In class we’ve been using Robert Frost’s “Dust of Snow” as a mentor poem. We’ve read it and discussed it many times.
Dust of Snow
Among other things, we’ve discussed the idea that this poem shows how a small thing can have a big effect or greater significance. That there are potential small turning points throughout the day, and an unexpected moment, or interaction, can turn a day around, from regret to joy. I love the idea that when you are open to it, a moment–just a moment–can shift the mood of a day. Like Frost, for me that shift often involves an outdoor setting (or view) and a flash of feathers.
I’ve been thinking a lot about potential and the sense of possibility that is so pervasive in nature–at the feeders, at a vernal pool, in a meadow at dusk, by the bay at dawn, outside my window. The constant wonder–What will happen next? What will I see? What beauty will unfold? It seems to me that when surrounded by nature, you’re always on the brink of wonder. Something isn’t there. And then it is. Often it always was there, but you just hadn’t noticed it, or paid attention. If you can just sit still long enough…
As E.B. White wrote, “Life is always a rich and steady time when you are waiting for something to happen or to hatch.” I’ve become increasingly aware that when you’re open and attentive to the world around you, there is always potential for “something to happen” or something to emerge and for a small jolt of joy to reset or enrich your day.
Yesterday, I woke thinking about the beautiful female Baltimore Oriole who’s been visiting my house lately, tempted by spring temperatures and juicy oranges. We’ve had Baltimore Orioles pass through before, but much to my delight, this one has been lingering. I wondered if and when she might appear. I settled into working, but looked out the window intermittently. Sure enough, just as I was starting to feel the weight of upcoming due dates and general year-end craziness, I looked up from my papers, and there she was, in all her glory. She perched by the orange, content to sit and intermittently dine on strands of juicy pulp. Just like that my worries receded, my heart was lifted and my day improved. A moment–just a moment–can shift the mood of a day.
Update: As I was revising this post this morning, I was messaging with my daughter about her being sick (nothing serious), health insurance when out-of-state, and some financial stuff. I felt my shoulders tense and stress settle in.
A flash of movement outside caught my eye, and once again, there was the oriole, her beautiful orange and brown plumage glowing amidst the springtime greenery. Instantly, I smiled and felt lighter, and so grateful. I’m starting to feel such a sense of kinship with this bird!

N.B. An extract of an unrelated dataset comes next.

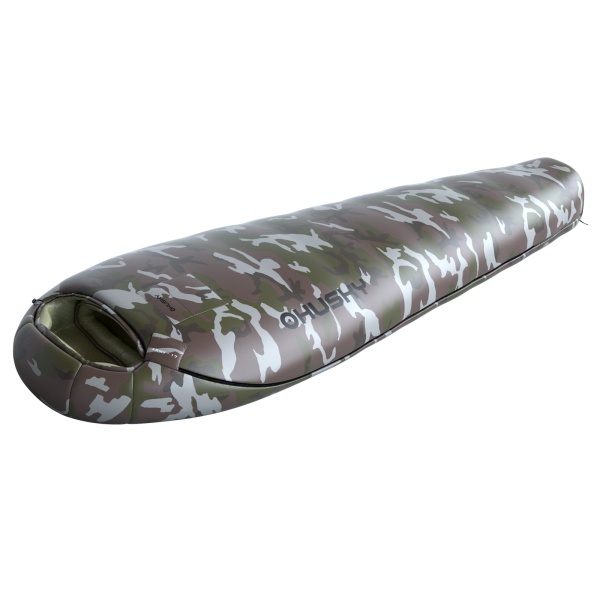 Syntetický zimní spacák | Army -17°C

I suddenly remembered a friend who was into animal totems. She’d told me that Native Americans believed that when you repeatedly see an animal, there can be meaning in that sighting. Impulsively, I googled oriole and totem and found this: “Oriole shows new occurrences in life and brings a sense of joy to the world. He helps discover the inner child and the relation to all things in the nature realm. Orioles have a beautiful song and will teach you to sing your own song from the tree tops.” Hmmmm….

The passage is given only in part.